The GMB also cited the case of NCP car parks in Enfield.

‘GMB members – who are mainly migrant workers, working as parking wardens at NCP on the Enfield Council contract – had to resort to strike action and a demonstration outside the London head office of owner 3i, in order to gain trade union recognition.’

This, said the GMB, was ‘despite holding almost 90 per cent of the workforce in membership, which should trigger automatic trade union recognition.’

The union added: ‘A series of private equity companies have stripped almost £1 billion out of the car parking sector in the last few years and car parking charges have gone through the roof.

‘NCP services, which is owned by 3i, is proposing to slash the bonus scheme of its low paid workforce in the Royal Borough of Kensington & Chelsea.

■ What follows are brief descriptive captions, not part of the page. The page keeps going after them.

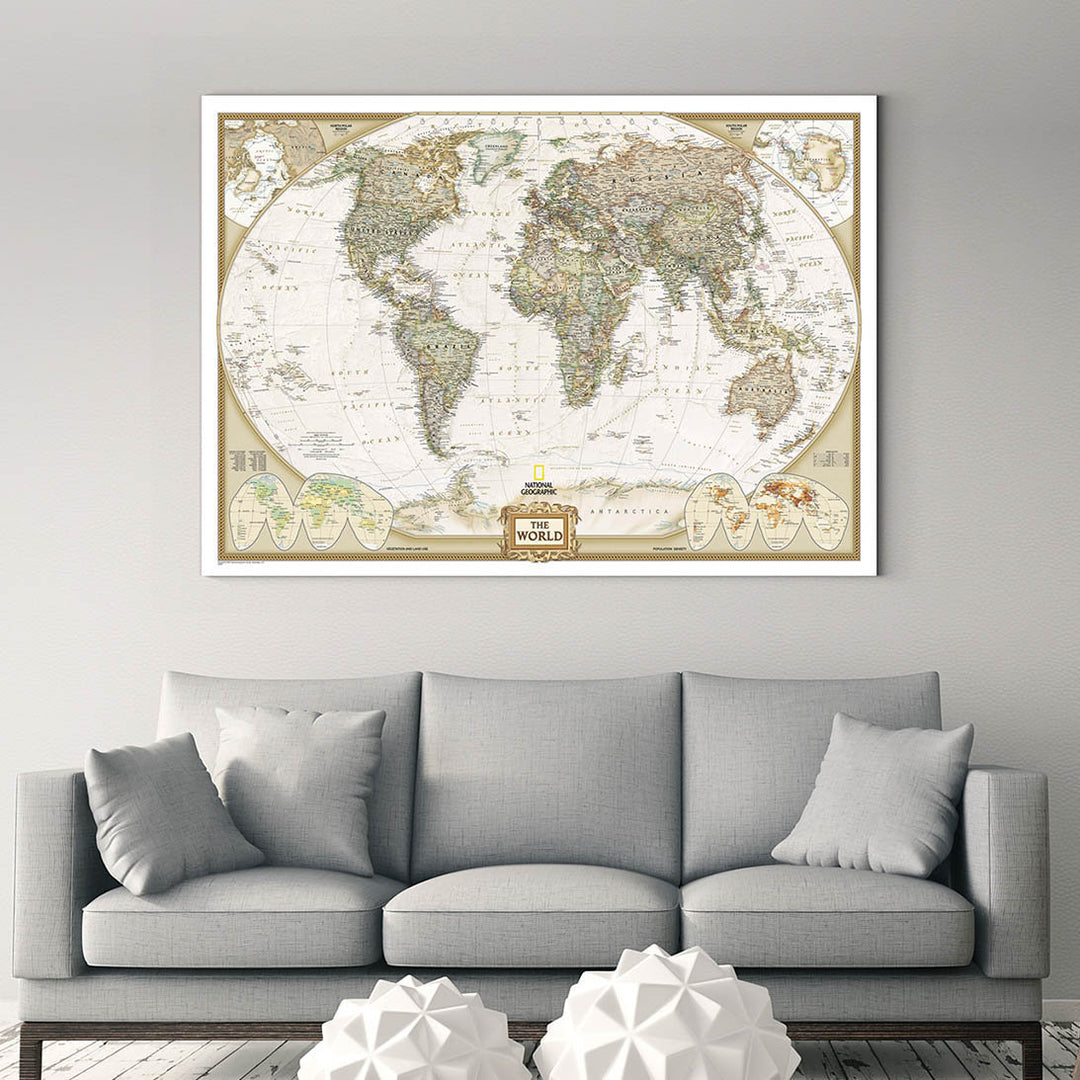 canvas-world-map-cream-background-a-soft-cream-palette-brings-out-the-richness-of-the-world's-geography-colorfullworlds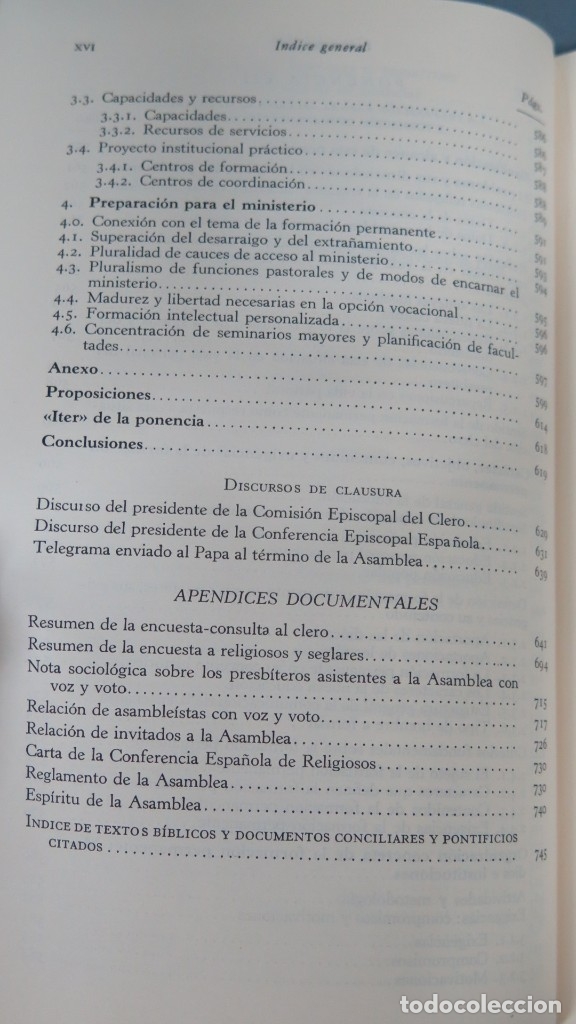 Libros de segunda mano: 1971.- ASAMBLEA CONJUNTA OBISPOS-SACERDOTES. B.A.C - Foto 11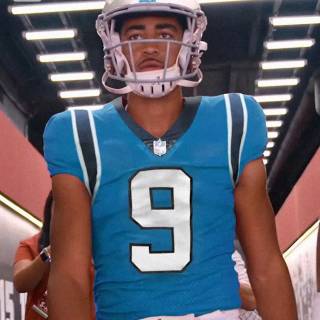 Bryce Young Panthers wallpaper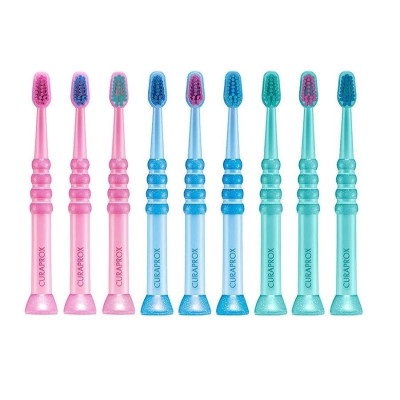 Зубные щетки: Зубная щетка Curaprox CS Baby Голубая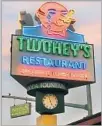  ?? Twohey's Restaurant ?? TWOHEY'S RESTAURANT is moving to South Pasadena after 75 years in Alhambra.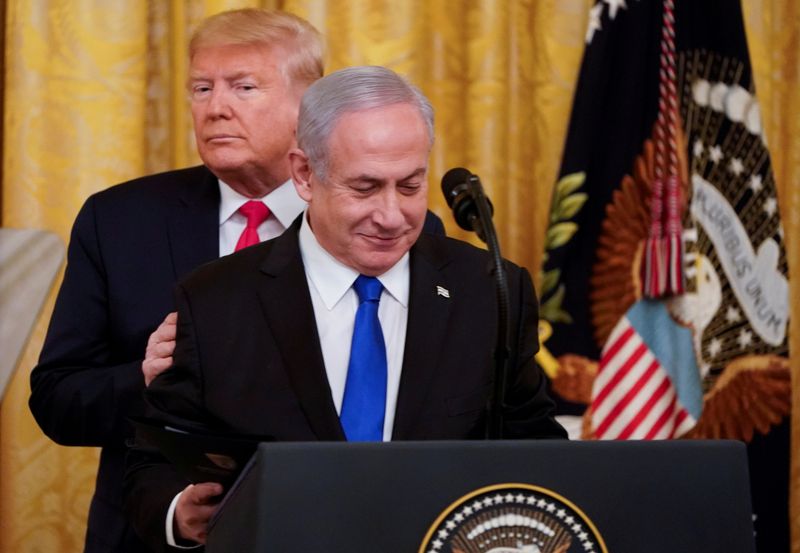 米大統領側近、イスラエルの入植地併合計画巡る協議開始＝関係筋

‘Parking attendants who only earn £6.29 per hour currently receive a bonus of £100.00 per month.

‘Without consultation or regard to TUPE regulations, the management at NCP have given notice that they are going to introduce a discretionary bonus.

‘Staff can earn a maximum of £250.00 per quarter but this is linked to performance, including the number of tickets issued!

‘Experience from the NCP Enfield contract shows that staff and motorists will be the losers, as parking attendants will put under severe pressure to issue more tickets to London’s motorists in order to make up their pay.’